Exercise directions
Starting at the first line below, copy through to the last line exactly.

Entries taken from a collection
=-=-=-=-=

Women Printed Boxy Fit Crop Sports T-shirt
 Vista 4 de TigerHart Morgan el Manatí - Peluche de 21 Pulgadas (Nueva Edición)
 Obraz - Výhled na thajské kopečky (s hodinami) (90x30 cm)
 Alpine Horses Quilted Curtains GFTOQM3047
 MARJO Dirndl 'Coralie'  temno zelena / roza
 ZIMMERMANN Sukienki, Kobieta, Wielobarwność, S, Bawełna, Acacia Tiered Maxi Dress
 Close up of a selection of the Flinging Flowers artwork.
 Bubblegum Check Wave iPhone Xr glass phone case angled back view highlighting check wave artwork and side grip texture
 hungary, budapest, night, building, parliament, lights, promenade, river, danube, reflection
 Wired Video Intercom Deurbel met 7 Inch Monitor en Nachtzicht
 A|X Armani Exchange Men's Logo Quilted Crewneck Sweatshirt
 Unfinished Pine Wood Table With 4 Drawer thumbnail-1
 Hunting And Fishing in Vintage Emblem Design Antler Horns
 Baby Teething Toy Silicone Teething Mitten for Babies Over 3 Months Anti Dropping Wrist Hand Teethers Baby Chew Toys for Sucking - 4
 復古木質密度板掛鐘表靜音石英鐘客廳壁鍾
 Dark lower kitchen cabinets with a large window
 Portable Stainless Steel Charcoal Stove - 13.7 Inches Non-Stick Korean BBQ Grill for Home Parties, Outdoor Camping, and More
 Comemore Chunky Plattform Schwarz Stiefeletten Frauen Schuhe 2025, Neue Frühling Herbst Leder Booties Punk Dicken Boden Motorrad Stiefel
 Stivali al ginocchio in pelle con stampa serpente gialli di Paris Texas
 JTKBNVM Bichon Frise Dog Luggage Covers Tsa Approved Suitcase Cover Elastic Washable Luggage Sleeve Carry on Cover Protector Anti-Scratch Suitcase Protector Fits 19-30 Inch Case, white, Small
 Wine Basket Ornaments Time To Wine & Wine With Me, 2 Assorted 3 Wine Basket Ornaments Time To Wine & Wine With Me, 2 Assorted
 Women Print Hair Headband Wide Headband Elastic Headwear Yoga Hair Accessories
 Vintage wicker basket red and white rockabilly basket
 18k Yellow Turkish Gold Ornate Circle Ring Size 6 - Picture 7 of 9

=-=-=-=-=

Written response
Women Printed Boxy Fit Crop Sports T-shirt
 Vista 4 de TigerHart Morgan el Manatí - Peluche de 21 Pulgadas (Nueva Edición)
 Obraz - Výhled na thajské kopečky (s hodinami) (90x30 cm)
 Alpine Horses Quilted Curtains GFTOQM3047
 MARJO Dirndl 'Coralie'  temno zelena / roza
 ZIMMERMANN Sukienki, Kobieta, Wielobarwność, S, Bawełna, Acacia Tiered Maxi Dress
 Close up of a selection of the Flinging Flowers artwork.
 Bubblegum Check Wave iPhone Xr glass phone case angled back view highlighting check wave artwork and side grip texture
 hungary, budapest, night, building, parliament, lights, promenade, river, danube, reflection
 Wired Video Intercom Deurbel met 7 Inch Monitor en Nachtzicht
 A|X Armani Exchange Men's Logo Quilted Crewneck Sweatshirt
 Unfinished Pine Wood Table With 4 Drawer thumbnail-1
 Hunting And Fishing in Vintage Emblem Design Antler Horns
 Baby Teething Toy Silicone Teething Mitten for Babies Over 3 Months Anti Dropping Wrist Hand Teethers Baby Chew Toys for Sucking - 4
 復古木質密度板掛鐘表靜音石英鐘客廳壁鍾
 Dark lower kitchen cabinets with a large window
 Portable Stainless Steel Charcoal Stove - 13.7 Inches Non-Stick Korean BBQ Grill for Home Parties, Outdoor Camping, and More
 Comemore Chunky Plattform Schwarz Stiefeletten Frauen Schuhe 2025, Neue Frühling Herbst Leder Booties Punk Dicken Boden Motorrad Stiefel
 Stivali al ginocchio in pelle con stampa serpente gialli di Paris Texas
 JTKBNVM Bichon Frise Dog Luggage Covers Tsa Approved Suitcase Cover Elastic Washable Luggage Sleeve Carry on Cover Protector Anti-Scratch Suitcase Protector Fits 19-30 Inch Case, white, Small
 Wine Basket Ornaments Time To Wine & Wine With Me, 2 Assorted 3 Wine Basket Ornaments Time To Wine & Wine With Me, 2 Assorted
 Women Print Hair Headband Wide Headband Elastic Headwear Yoga Hair Accessories
 Vintage wicker basket red and white rockabilly basket
 18k Yellow Turkish Gold Ornate Circle Ring Size 6 - Picture 7 of 9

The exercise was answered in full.